そんな本書、『転職の思考法』なんですが、この〝転職の思考法〟というタイトルを聞いて、みなさん少し違和感を感じたりしませんか。

というのも、〝転職〟と〝思考法〟に、どんな関係があるのか、気になった方もいるのではないでしょうか。

一般的に、転職に必要なのは、「知識」や「転職情報」だと言われていると思うんですが、本書では、転職に必要なのは、知識でも情報でもなく、どう選べばいいのかの判断基準、つまり『思考法』なんだと言っているんです。

そして、この転職の思考法は、「一生食べていくための方法論」だとも言っています。

今は、副業、兼業、転職が当たり前の時代になって、誰もが1度や2度は、転職を考えたことがあるのではないでしょうか。
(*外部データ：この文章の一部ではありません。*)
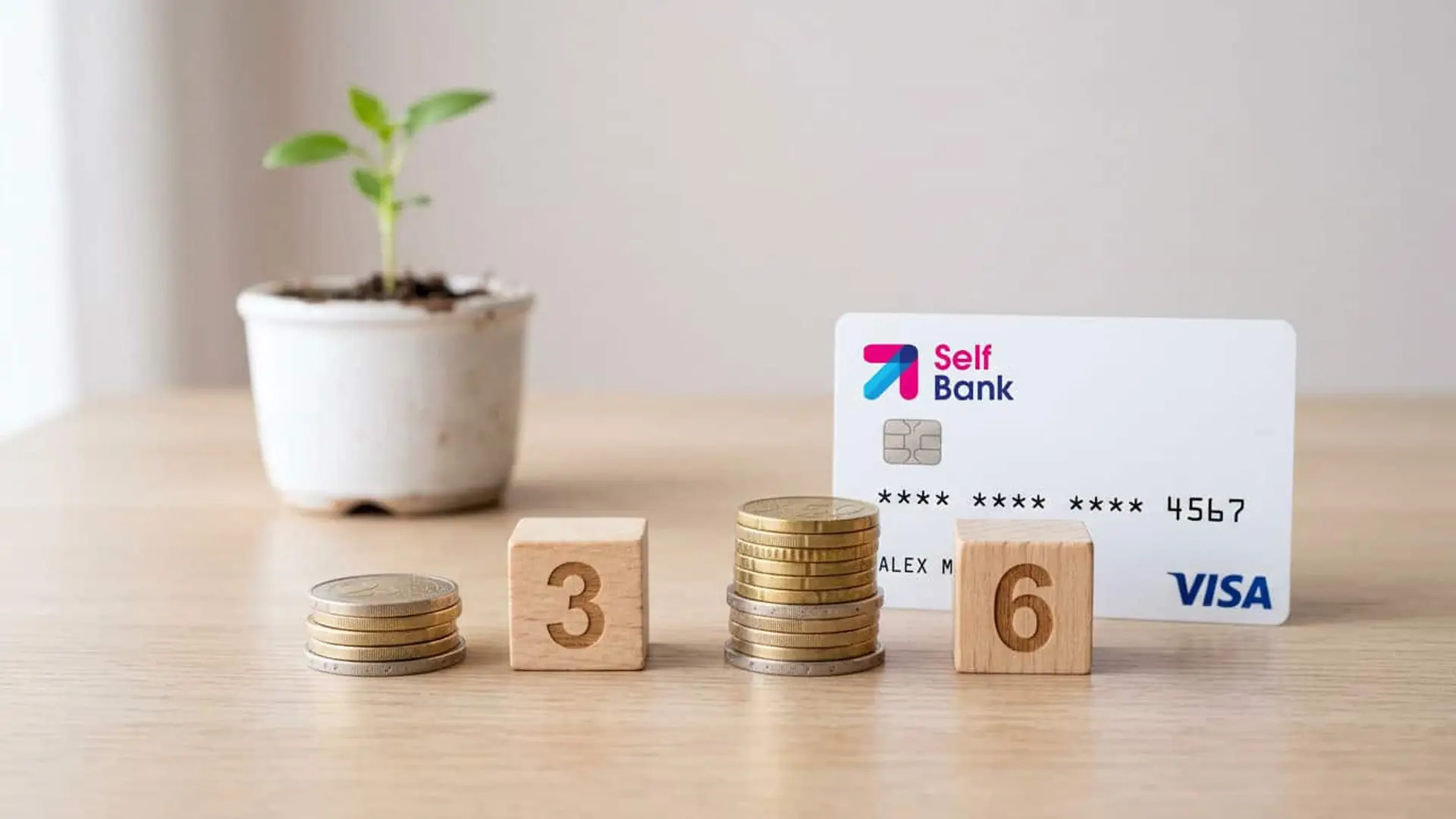 Tarjeta Visa de Self Bank junto a varias pilas de monedas y bloques de madera con los números 3 y 6 sobre una mesa.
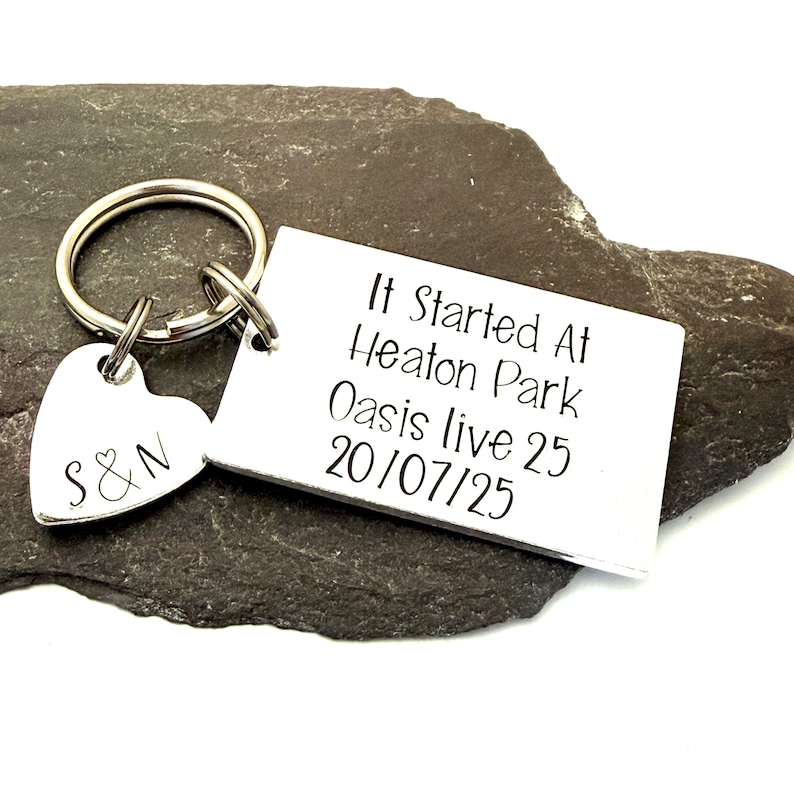 Puede incluir: Un llavero plateado con un dije en forma de coraz&oacute;n grabado con "S&N" y una etiqueta rectangular. La etiqueta dice "It Started At Heaton Park Oasis live 25 20/07/25" en texto negro. El llavero est&aacute; sobre una superficie de piedra gris oscuro.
ですが、これだけ転職が当たり前の時代になった今でも、多くの日本の企業では、社内で転職の話をするのが憚はばかられるのが事実です。

著者の北野唯我さんは、そんな状況を破壊して、本書を通じて、すべての人が「いつでも転職できる状態」を本気で作りたいと言っています。

終身雇用が崩壊した今でも、今の会社にしがみつくことが〝安定〟だと、信じている人は少なくないのではないでしょうか。

また、3年も経たずに会社を辞める人のことを、「我慢ができない奴だ」と、古い価値観を押し付ける人も多いのではないでしょうか。

ですが今は、新卒の学生ですら、60%近くがセカンドキャリアを意識して就活をしているんです。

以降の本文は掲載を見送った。